Plus loin dans le centre-ville, le Temple Court de Tom Colicchio sert sa version de la trempette aux oignons caramélisés – une délicieuse combinaison d’oignons caramélisés, d’ail confit, de crème fraiche, de sauce piquante, de sauce soja et de sauce Worcestershire, garnie de piment d’espelette, de ciboulette et d’échalotes frites. Selon le directeur des opérations culinaires Bryan Hunt, c’est le plat le plus populaire du menu. (De plus, Tom adore les chips.)
Pour autant, on est loin de ce que Critz appelle « la marque numéro un dans cet espace et la préférée des Américains, et de loin. » En fait, la trempette à l’oignon classique de Lipton n’a pas besoin de faire beaucoup, voire pas du tout, de marketing.

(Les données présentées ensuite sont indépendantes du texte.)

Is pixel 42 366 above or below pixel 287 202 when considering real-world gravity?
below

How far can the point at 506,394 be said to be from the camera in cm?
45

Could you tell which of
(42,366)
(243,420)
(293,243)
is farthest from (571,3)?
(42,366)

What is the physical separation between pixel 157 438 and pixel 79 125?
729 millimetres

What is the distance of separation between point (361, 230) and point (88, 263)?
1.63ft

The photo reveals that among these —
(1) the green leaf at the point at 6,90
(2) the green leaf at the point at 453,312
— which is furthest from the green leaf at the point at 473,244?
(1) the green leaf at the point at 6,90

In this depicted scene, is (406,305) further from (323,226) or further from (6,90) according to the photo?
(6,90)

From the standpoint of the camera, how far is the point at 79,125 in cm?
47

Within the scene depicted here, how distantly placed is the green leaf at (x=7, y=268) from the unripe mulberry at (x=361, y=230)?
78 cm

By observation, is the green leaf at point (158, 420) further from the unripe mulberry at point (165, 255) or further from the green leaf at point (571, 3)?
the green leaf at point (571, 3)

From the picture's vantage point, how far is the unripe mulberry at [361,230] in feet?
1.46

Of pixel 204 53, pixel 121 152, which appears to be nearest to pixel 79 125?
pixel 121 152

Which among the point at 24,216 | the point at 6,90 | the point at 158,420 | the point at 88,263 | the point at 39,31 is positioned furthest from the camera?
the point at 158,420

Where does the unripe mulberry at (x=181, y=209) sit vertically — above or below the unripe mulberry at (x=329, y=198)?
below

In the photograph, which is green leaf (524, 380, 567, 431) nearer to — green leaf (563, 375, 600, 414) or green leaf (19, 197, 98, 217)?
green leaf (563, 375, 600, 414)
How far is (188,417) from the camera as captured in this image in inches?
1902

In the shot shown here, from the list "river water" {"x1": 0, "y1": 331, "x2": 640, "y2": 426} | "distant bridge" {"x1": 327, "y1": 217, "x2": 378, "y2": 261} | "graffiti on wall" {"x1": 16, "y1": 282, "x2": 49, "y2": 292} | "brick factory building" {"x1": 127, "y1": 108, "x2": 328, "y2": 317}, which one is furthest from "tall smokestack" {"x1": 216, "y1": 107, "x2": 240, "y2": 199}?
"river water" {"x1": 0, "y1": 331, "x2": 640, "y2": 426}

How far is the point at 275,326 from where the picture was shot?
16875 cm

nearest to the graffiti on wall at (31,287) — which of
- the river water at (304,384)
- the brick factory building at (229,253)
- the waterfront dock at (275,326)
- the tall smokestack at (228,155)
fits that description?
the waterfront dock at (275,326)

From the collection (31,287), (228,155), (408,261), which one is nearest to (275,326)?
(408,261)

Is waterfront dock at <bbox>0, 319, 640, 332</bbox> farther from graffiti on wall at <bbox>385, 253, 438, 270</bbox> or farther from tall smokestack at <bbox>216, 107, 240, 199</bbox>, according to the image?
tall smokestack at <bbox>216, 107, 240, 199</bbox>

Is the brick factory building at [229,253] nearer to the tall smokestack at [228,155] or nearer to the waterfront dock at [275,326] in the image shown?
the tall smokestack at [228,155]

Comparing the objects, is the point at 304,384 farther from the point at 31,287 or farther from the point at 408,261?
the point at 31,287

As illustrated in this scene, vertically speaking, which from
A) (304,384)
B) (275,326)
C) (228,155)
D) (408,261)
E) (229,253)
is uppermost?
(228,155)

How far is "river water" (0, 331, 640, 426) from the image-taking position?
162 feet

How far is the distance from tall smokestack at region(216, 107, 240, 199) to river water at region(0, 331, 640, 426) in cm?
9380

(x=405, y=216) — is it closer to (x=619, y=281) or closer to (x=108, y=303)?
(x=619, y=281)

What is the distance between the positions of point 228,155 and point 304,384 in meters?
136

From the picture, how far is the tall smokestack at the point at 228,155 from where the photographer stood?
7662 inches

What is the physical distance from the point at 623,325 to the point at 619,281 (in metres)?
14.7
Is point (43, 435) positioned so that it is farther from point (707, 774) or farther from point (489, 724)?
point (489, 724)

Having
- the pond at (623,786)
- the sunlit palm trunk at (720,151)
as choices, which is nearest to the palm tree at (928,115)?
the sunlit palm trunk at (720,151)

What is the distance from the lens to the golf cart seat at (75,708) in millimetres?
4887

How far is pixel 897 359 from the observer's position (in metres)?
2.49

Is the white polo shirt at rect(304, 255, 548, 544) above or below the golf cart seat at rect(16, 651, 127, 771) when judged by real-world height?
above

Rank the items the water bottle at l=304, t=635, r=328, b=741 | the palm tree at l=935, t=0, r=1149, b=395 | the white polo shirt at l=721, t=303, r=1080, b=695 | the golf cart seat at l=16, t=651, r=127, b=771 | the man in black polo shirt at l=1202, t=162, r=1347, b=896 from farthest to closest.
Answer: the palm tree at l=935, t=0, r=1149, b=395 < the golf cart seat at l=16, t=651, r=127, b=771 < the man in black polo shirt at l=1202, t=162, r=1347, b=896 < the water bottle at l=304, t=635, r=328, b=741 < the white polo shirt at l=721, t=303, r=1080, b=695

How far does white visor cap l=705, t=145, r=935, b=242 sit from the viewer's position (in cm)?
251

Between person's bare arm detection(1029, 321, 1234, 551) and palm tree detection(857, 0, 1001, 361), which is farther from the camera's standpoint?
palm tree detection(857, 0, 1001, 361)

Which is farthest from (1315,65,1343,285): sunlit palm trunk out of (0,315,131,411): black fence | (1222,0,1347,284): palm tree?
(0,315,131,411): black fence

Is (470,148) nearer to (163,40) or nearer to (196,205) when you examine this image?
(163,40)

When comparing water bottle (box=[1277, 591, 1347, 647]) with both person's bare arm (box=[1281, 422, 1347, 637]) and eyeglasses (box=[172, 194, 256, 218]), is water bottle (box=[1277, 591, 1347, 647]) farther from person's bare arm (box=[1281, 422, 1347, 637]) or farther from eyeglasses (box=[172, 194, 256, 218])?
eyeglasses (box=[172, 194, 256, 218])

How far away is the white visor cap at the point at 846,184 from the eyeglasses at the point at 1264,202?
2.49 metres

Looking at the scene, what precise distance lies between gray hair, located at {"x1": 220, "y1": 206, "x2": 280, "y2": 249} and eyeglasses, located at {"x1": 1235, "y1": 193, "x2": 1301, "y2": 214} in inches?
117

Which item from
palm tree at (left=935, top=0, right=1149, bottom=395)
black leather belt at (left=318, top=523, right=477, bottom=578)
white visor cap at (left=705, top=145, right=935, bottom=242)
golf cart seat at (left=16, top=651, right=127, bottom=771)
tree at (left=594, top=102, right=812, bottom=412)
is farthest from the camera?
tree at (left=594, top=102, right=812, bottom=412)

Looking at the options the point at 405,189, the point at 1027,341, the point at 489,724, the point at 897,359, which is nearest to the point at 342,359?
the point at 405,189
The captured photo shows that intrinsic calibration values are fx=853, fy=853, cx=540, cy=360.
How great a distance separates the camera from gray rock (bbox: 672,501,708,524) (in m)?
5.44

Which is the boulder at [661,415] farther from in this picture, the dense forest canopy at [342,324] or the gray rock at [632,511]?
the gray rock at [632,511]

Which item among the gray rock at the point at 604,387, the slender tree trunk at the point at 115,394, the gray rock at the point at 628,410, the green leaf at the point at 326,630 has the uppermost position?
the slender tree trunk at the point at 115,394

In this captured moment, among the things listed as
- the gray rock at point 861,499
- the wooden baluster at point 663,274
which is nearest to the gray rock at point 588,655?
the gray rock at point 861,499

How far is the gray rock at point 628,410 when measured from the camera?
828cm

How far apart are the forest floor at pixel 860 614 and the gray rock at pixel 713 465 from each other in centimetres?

« Je pense que les principaux arguments sur la raison pour laquelle cela a atteint la popularité seraient politiques et sociaux », explique Adrienne Bitar, associée postdoctorale en histoire à l’Université Cornell et auteur de Diet and the Disease of Civilization. Après la Seconde Guerre mondiale, dans le but d’accroître la consommation civile d’aliments déshydratés (une industrie qui a explosé pendant la guerre), le gouvernement a découvert un véritable gagnant. Les consommateurs « étaient beaucoup plus enthousiastes à l’idée d’adopter les soupes déshydratées qu’ils ne l’étaient pour d’autres produits déshydratés ».
Coincidant, comme le souligne Bitar, l’essor de la classe moyenne et « l’idée que vous auriez une trempette d’élite que vous montriez à vos amis lors de bons dîners à Levittown s’inscrit dans une histoire plus large ».